Where Italy is catching up on these public health mandates, the government clearly failed on all four counts when there was not only early detection and numbers which clearly showed the rising cases, but the strategies for containment were horrifically implemented. Schools were shut down and university classes cancelled yet every football field was awash in boys and young men playing contact sports, bi-weekly street markets were in full operation, and public transport was as packed as ever. Nobody gave a thought to the fact that when the first two-week red zone lockdowns occurred, not only would millions of Italians head to other parts of the country to spread the infection, but that there were no checks in place to prevent this from happening. Hence last week the national government put the entire country on the social distancing model. Still much of the country is unclear about the strategies for containment and the refusal of UK Prime Minister Boris Johnson to implement social distancing has angered many.

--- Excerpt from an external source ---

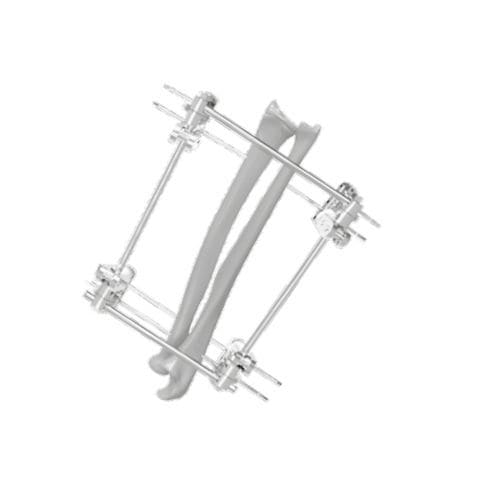 Fixador externo para tíbia - 201551 - SOFEMED International - para fíbula / tubular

Singapore’s health ministry has reported at least 243 cases of COVID-19 infection with 53 of these cases discharged.  Hong Kong has had fewer than 150 cases with evidence that social distancing also ended the flu season in there. And Taiwan has 75 cases of coronavirus with only one death thus far as a result of this virus. What did SARS teach these countries in terms of fighting virus transmission?

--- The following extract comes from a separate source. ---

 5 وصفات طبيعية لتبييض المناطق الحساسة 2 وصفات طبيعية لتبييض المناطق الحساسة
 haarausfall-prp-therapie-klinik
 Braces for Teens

Aside from banning flights early on from Wuhan, China, Taiwan enacted a series of temperature control stations around the country—from airports to buses to building entries. The Taiwanese government also ensured that masks were readily available and people who tested previously negative were retested and tightly monitored given that many patients had mild to no symptoms which meant that detection of the virus was directly and more heavily linked to monitoring over individuals falling ill. Post-SARS, Taiwan established a central command center for epidemics which offered a coordinated response to COVID-19 which included various actions that were to be taken.

Hong Kong, the first country hit with SARS, has also learned from SARS even if many medical professionals were critical of Hong Kong’s slowness to shut the border with mainland China. Yet the lessons from SARS have helped Hong Kong effectively handle this coronavirus from the moment it finally severed all rail service from China in its incremental border closing in early February. Hong Kong imposed a quarantine on visitors from the mainland, encouraged social distancing and closing schools until the middle of April.

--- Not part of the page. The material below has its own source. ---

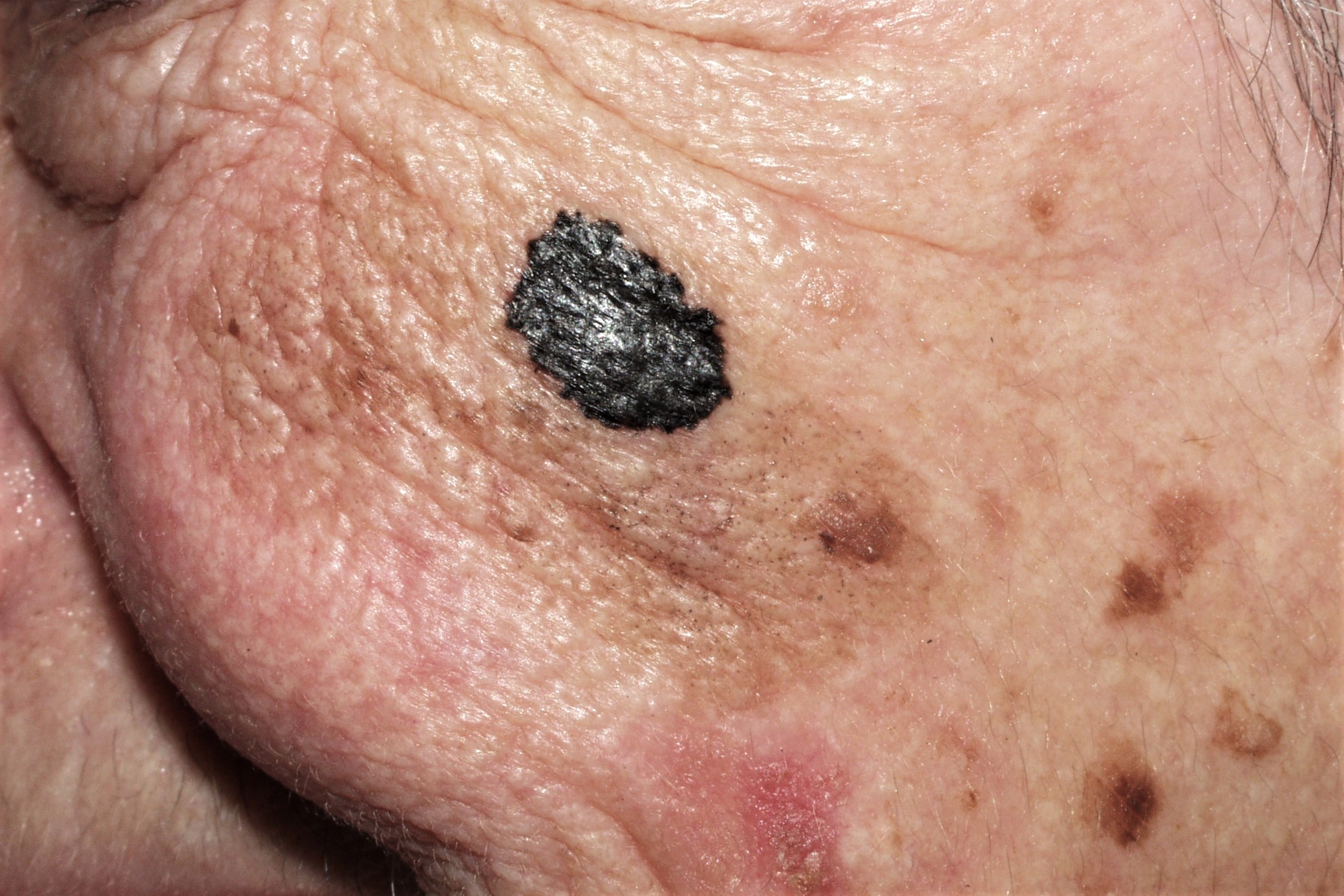 3Lentigo maligno melanoma C43; placa negra, brillante e irregular de 12 mm, sobre mácula de color marrón claro de 33 mm (1)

Singapore imposed travel restrictions on people coming from mainland China which went far beyond what the WHO (World Heath Organisation) advises. Singapore, like Taiwan, also implemented an exhaustive testing regime which addressed anyone with flu-like or pneumonia symptoms. The tracking of these cases was integral to the success of Singapore’s low COVID-19 infection rate and the government not only allows for all people to be tested for free, but if they are quarantined, everyone—to include the self-employed—is covered financially with employers being barred from taking quarantine time off from holiday leave.

One important detail that cannot be understated is the sharing of information and effective communication to its citizens, something that China was blamed for its inaction during the SARS outbreak when China took several months to report information to the WHO about the epidemic within the country. This time, however. China has reacted to this coronavirus with a bit more celerity as scientists have noted that the government has been more open to sharing information. This despite other reports which claim that Beijing is censoring unfavorable information about the spread of the virus. Still, the consensus is that China has improved on its transparency with the WHO.

With the huge spike in cases over the weekend in Spain and France, Italy is about to be joined by neighboring nations whose healthcare systems are about to be rattled with few measures in place to prevent this virus from spreading. Where last week there was a battle between Italian, French and German health ministries about the importation of face masks to Italy, this problem now seems to be resolved. Yet there are few other remedies that locals in Italy can depend upon unless you count contactless credit cards which along with mobile phones are turning out to be the best prevention against transmitting or contracting COVID-19.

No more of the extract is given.